In sum, Moss wishes to deliver science from the spell of the fairy tale that continues to influence genetic researchers even though its particular elements have been discarded one after another:

Once upon a time it was believed that something called "genes" were integral units, that each specified a piece of a phenotype, that the phenotype as a whole was the result of the sum of these units, and that evolutionary change was the result of the new genes created by random mutation and differential survival. Once upon a time it was believed that the chromosomal location of genes was irrelevant, that DNA was the citadel of stability, that DNA which didn't code for proteins was biological "junk," and that coding DNA included, as it were, its own instructions for use. Once upon a time it would have stood to reason that the complexity of an organism would be proportional to the number of its unique genetic units.

One other note. Moss points out how contemporary biologists repeatedly suggest we must choose between Darwinian evolution, as conventionally understood, and creationism. But this shows a blatant disregard of history. The teleologies of Aristotle and Kant profoundly shaped the history of biological thinking, but neither Aristotle nor Kant was a creationist. "There was for Aristotle no exceptionalism, no miracles, or divine interventions." In fact,

There were no references to external causation in Aristotle's biology at all. Aristotle labored to understand the nature of living beings in terms of the elements and movements from which they were constituted. He found in the organism's adapted form—that is, in its mode of existence and attunement to its environment—the organizing principle of the organism, its final cause or purpose unto itself, the for-the-sake-of which it undergoes its formative processes.

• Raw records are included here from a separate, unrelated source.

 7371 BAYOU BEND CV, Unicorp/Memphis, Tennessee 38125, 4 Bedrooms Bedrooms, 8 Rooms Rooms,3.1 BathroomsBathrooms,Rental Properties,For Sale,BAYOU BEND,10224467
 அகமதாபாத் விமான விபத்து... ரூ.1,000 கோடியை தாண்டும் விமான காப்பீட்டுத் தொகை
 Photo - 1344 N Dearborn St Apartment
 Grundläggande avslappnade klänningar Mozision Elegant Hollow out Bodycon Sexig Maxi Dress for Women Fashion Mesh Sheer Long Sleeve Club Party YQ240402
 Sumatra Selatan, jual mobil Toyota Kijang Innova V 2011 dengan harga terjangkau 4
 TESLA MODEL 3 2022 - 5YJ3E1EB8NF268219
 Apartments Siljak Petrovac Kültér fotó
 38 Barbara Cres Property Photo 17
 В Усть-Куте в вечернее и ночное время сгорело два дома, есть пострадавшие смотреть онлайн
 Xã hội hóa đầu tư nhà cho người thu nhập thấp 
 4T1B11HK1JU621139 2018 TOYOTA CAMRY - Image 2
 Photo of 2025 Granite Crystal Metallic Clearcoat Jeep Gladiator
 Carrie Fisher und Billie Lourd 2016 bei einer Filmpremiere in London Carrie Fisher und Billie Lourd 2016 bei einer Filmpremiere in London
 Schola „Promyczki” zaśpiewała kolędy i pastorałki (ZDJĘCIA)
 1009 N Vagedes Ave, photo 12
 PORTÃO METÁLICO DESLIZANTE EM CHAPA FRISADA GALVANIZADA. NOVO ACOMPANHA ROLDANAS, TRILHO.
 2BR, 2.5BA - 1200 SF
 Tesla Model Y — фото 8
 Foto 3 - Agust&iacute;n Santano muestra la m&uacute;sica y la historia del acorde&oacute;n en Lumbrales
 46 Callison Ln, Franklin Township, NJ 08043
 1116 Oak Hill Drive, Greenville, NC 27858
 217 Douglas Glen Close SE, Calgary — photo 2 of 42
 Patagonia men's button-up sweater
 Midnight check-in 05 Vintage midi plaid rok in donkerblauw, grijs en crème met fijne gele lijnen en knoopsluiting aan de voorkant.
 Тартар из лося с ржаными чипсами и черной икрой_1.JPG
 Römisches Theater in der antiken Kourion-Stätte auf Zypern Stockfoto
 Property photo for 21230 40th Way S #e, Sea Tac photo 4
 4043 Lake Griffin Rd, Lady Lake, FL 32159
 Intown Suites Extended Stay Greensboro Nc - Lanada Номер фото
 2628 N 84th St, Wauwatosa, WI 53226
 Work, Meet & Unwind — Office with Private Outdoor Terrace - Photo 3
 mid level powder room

What has happened is that the individual organism's development and maturation—its achievement of a highly organized, complex, adapted form—has ceased to be the central problem of biology demanding explanation. Development is seen rather trivially as "the result of a preset centralized [genetic] program." Attention is then turned to phylogenetic, or evolutionary, issues. In this way the biologist "expels all manner of adaptive agency from within the organism and relocates it in an external force—sor as Daniel Dennet prefers to say, an algorithm called 'natural selection.'"

This shift, which Moss calls the "phylogenetic turn," conveniently allows the biologist to ignore real organisms as far as possible, and instead to play with the mathematics and logic of genetic "code," mutations, population genetics, and all the rest. In this game, as Moss shows so well, reality is the loser.